6 réactionsArcelorMittal : l'action plonge avec l'ensemble du secteur des "commodities"
(Boursier.com) -- Le "tsunami" financier est bien en train de saper les fondations de l'économie réelle... Hier, la dégringolade de l'action ArcelorMittal (-14,8%) illustre les effets du "credit crunch" sur le fonctionnement des entreprises et leurs carnets de commandes. Les dernières statistiques montrent en effet un ralentissement mondial de la demande d'acier : les clients des grands sidérurgistes trouvent moins facilement du crédit pour mener à bien leurs projets, et les marchés immobiliers, premiers débouchés de l'acier, laissent voir des signes de faiblesse partout dans le monde, y compris dans l' "eldorado" chinois.
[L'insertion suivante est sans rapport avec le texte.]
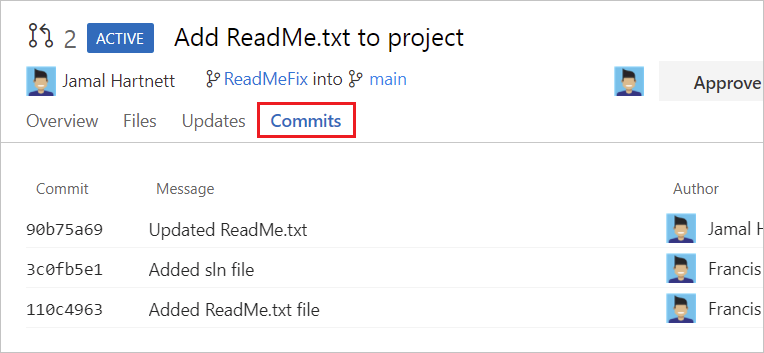 Screenshot che mostra un elenco di commit nella scheda Commit di una richiesta pull di Azure Repos.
Ainsi, selon la banque centrale chinoise (People's Bank of China), les crédits accordés aux sociétés de construction du pays ont chuté de 30% au premier semestre 2008 par rapport à la même période de 2007. Tandis qu'aux Etats-Unis, les mises en chantier de logements sont au plus bas depuis 17 ans...
L'action ArcelorMittal a aussi été victime hier d'une baisse de recommandation de la part de Deutsche Bank, qui a cité une chute des prix de vente de l'acier, ainsi que l'endettement élevé du groupe, pour passer d'"acheter" à "conserver" sur le titre.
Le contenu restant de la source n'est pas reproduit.